__SUPPLIED ENTRIES__

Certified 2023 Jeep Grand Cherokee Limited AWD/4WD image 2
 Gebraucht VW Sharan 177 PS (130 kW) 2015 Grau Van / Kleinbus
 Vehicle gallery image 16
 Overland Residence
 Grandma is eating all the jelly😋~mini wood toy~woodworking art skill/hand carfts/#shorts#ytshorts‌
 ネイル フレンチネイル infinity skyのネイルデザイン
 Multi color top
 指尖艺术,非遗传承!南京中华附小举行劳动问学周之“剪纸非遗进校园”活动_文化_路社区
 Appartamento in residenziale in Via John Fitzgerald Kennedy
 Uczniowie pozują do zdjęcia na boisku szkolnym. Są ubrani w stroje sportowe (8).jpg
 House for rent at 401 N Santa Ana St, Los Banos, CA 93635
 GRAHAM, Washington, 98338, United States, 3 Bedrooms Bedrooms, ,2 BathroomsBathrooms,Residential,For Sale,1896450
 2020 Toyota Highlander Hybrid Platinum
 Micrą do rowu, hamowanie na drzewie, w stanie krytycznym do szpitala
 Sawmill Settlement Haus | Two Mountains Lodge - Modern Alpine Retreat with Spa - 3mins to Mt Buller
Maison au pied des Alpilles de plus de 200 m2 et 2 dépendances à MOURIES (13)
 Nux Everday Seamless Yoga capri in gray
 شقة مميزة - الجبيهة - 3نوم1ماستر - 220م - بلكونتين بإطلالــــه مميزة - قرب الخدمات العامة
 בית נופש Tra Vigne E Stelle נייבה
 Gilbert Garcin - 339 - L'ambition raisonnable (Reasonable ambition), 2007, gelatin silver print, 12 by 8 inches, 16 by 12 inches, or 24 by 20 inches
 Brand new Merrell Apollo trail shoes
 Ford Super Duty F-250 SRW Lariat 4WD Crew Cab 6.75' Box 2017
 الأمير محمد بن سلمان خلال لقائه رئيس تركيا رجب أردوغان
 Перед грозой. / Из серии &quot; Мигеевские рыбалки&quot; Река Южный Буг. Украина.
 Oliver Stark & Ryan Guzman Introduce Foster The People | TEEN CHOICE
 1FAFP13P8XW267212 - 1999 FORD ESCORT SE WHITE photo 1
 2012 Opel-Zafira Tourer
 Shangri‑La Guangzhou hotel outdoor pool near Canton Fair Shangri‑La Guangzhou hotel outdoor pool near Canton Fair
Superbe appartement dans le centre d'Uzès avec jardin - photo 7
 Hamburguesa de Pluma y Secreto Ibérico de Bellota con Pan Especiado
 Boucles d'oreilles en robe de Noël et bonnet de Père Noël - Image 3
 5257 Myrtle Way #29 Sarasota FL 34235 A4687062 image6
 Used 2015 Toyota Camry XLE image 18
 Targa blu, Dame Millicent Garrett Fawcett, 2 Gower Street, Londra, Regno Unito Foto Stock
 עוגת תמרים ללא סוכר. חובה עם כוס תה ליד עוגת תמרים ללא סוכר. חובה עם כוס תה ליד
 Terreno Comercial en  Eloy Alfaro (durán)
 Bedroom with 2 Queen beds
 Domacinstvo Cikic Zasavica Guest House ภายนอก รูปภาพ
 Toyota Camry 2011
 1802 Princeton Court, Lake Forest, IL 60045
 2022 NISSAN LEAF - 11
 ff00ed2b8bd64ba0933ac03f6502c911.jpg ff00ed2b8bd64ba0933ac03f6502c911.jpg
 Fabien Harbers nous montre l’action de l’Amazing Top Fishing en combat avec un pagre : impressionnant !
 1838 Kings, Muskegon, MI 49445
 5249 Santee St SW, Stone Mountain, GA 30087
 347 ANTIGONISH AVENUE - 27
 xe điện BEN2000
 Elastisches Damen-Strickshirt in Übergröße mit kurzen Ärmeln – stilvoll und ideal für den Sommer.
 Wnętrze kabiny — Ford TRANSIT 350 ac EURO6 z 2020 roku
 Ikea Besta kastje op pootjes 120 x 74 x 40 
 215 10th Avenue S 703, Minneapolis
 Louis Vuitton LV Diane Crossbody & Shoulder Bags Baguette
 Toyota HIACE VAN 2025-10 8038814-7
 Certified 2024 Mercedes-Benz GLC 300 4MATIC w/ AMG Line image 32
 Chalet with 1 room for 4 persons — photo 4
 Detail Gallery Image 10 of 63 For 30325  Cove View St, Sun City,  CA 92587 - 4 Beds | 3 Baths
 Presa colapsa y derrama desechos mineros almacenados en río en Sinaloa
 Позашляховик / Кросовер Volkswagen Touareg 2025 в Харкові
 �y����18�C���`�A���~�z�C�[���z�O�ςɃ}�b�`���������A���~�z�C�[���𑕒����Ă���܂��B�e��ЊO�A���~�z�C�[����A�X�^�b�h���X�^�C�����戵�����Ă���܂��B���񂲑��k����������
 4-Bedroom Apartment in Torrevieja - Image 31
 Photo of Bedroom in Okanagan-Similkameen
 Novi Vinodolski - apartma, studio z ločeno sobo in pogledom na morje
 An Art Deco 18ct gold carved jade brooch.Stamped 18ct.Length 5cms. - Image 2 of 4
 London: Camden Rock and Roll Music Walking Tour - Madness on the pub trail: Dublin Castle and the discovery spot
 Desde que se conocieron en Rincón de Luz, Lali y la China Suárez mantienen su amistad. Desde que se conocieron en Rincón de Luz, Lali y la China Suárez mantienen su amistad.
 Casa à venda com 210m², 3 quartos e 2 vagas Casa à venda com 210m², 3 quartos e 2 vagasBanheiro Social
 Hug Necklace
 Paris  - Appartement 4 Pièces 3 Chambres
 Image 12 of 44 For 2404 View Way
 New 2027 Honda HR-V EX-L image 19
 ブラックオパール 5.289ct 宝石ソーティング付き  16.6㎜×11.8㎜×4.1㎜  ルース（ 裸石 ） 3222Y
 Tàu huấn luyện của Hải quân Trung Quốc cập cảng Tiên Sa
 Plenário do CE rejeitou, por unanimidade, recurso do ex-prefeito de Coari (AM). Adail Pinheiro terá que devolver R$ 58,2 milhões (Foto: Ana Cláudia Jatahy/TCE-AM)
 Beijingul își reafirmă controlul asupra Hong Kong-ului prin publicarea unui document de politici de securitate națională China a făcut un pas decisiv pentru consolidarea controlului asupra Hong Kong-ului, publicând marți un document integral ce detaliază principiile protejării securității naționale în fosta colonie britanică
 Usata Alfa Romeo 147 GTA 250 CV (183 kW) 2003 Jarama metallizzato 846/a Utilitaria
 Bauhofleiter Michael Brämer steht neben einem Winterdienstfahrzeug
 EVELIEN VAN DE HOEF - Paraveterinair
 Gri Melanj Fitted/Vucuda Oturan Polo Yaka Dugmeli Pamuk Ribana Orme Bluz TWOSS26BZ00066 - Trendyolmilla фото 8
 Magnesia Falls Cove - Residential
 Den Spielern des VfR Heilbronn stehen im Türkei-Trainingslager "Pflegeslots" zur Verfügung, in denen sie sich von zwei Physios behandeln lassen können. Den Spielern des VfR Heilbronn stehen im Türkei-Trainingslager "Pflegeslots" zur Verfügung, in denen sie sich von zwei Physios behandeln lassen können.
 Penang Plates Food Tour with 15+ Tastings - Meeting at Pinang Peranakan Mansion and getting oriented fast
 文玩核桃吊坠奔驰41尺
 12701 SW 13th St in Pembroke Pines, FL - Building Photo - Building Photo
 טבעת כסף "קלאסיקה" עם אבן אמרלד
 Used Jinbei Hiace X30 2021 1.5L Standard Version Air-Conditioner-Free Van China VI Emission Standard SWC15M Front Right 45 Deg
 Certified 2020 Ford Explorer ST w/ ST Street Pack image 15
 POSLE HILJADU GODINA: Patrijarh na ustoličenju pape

__YOUR GOAL__
Taking the entries above, restate exactly those lines that fall between the line with "Bauhofleiter Michael Brämer" and the line with "文玩核桃吊坠奔驰41尺", keeping both of those lines too.

__COMPLETED TASK__
 Bauhofleiter Michael Brämer steht neben einem Winterdienstfahrzeug
 EVELIEN VAN DE HOEF - Paraveterinair
 Gri Melanj Fitted/Vucuda Oturan Polo Yaka Dugmeli Pamuk Ribana Orme Bluz TWOSS26BZ00066 - Trendyolmilla фото 8
 Magnesia Falls Cove - Residential
 Den Spielern des VfR Heilbronn stehen im Türkei-Trainingslager "Pflegeslots" zur Verfügung, in denen sie sich von zwei Physios behandeln lassen können. Den Spielern des VfR Heilbronn stehen im Türkei-Trainingslager "Pflegeslots" zur Verfügung, in denen sie sich von zwei Physios behandeln lassen können.
 Penang Plates Food Tour with 15+ Tastings - Meeting at Pinang Peranakan Mansion and getting oriented fast
 文玩核桃吊坠奔驰41尺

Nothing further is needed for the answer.